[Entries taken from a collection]
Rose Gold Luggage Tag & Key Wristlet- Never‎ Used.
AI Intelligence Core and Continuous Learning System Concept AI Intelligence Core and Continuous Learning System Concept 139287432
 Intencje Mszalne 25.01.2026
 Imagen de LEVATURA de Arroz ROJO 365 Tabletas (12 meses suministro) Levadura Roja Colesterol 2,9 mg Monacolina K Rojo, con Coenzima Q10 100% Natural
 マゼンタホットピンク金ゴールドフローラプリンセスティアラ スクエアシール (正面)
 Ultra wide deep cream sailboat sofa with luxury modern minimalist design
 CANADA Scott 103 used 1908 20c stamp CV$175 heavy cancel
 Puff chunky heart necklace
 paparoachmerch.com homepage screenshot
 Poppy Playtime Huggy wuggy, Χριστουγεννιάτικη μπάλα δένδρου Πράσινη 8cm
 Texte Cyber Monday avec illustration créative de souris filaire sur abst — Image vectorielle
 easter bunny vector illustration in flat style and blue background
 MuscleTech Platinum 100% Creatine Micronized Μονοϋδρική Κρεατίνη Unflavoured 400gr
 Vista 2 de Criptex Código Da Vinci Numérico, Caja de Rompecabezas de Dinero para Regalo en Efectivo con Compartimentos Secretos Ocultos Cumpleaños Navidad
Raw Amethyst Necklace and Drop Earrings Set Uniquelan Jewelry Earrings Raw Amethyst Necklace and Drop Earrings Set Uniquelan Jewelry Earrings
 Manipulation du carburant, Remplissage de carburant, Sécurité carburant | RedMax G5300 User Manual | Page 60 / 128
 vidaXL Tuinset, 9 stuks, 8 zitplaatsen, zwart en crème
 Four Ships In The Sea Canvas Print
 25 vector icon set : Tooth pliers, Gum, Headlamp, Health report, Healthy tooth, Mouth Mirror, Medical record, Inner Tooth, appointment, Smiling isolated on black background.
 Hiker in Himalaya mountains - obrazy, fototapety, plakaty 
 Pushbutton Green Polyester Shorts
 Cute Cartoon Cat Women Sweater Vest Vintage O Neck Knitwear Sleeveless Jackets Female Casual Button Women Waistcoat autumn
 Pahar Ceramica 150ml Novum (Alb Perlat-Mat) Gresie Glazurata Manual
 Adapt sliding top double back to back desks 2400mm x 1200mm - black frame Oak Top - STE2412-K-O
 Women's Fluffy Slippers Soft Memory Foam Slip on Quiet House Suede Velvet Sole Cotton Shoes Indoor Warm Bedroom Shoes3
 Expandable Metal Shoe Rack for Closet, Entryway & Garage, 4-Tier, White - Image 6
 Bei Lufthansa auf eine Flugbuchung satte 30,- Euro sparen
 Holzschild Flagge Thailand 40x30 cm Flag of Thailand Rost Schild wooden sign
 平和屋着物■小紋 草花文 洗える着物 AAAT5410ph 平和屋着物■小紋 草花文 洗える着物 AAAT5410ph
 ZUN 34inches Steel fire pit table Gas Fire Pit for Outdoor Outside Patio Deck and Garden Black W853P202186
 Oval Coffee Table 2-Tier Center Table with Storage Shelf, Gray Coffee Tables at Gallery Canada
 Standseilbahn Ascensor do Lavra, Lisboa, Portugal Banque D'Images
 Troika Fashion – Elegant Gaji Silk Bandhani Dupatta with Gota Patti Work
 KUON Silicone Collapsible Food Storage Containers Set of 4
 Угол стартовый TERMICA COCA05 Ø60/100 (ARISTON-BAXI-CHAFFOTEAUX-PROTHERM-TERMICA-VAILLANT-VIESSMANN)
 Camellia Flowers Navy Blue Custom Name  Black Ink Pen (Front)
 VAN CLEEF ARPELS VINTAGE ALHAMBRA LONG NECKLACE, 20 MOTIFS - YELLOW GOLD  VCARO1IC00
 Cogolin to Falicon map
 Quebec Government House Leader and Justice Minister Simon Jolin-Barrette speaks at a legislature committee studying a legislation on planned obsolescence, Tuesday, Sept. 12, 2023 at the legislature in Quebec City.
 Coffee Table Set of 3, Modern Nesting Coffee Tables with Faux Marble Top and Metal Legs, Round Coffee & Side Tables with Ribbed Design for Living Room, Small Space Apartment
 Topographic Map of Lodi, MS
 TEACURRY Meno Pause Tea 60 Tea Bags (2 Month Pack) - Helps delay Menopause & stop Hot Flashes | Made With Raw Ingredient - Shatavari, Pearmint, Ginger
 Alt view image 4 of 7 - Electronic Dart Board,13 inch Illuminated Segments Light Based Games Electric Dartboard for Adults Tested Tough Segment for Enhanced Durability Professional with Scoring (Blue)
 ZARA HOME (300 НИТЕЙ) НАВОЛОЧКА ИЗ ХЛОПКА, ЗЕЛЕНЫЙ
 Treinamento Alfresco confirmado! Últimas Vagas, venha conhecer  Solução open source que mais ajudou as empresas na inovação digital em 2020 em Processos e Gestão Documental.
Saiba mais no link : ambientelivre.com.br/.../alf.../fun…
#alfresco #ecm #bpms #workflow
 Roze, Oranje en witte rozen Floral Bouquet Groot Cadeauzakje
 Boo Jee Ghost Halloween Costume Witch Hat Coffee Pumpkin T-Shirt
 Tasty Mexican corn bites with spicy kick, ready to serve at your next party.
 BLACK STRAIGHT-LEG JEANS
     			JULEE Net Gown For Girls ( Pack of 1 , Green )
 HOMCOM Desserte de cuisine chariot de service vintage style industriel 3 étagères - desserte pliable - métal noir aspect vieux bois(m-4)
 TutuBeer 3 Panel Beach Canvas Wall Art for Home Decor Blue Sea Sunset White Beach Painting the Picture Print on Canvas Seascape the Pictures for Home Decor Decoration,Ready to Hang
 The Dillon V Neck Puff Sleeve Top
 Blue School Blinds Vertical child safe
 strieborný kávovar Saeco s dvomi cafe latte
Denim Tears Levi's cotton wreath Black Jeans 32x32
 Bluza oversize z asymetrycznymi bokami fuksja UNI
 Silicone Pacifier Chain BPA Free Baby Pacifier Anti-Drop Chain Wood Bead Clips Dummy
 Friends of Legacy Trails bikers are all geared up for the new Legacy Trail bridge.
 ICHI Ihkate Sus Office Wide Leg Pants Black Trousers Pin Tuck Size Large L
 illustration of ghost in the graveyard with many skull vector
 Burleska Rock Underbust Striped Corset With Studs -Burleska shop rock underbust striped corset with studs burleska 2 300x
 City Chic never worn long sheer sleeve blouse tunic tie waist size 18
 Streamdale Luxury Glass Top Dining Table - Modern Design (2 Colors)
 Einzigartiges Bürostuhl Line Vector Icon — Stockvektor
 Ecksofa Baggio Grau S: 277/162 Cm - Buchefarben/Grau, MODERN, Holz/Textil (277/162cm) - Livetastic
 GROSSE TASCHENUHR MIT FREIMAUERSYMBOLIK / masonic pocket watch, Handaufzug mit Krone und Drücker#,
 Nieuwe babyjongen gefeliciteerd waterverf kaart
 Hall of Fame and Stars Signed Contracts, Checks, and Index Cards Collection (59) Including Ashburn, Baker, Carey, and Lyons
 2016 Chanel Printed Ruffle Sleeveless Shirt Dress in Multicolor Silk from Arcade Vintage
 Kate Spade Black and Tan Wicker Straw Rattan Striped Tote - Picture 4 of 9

• _EXERCISE OBJECTIVE_
Copy only this part of the entries above: the line with "Boo Jee Ghost", the line with "ICHI Ihkate Sus", and the lines between, all exactly as written.

• _RESPONSE AREA_
 Boo Jee Ghost Halloween Costume Witch Hat Coffee Pumpkin T-Shirt
 Tasty Mexican corn bites with spicy kick, ready to serve at your next party.
 BLACK STRAIGHT-LEG JEANS
     			JULEE Net Gown For Girls ( Pack of 1 , Green )
 HOMCOM Desserte de cuisine chariot de service vintage style industriel 3 étagères - desserte pliable - métal noir aspect vieux bois(m-4)
 TutuBeer 3 Panel Beach Canvas Wall Art for Home Decor Blue Sea Sunset White Beach Painting the Picture Print on Canvas Seascape the Pictures for Home Decor Decoration,Ready to Hang
 The Dillon V Neck Puff Sleeve Top
 Blue School Blinds Vertical child safe
 strieborný kávovar Saeco s dvomi cafe latte
Denim Tears Levi's cotton wreath Black Jeans 32x32
 Bluza oversize z asymetrycznymi bokami fuksja UNI
 Silicone Pacifier Chain BPA Free Baby Pacifier Anti-Drop Chain Wood Bead Clips Dummy
 Friends of Legacy Trails bikers are all geared up for the new Legacy Trail bridge.
 ICHI Ihkate Sus Office Wide Leg Pants Black Trousers Pin Tuck Size Large L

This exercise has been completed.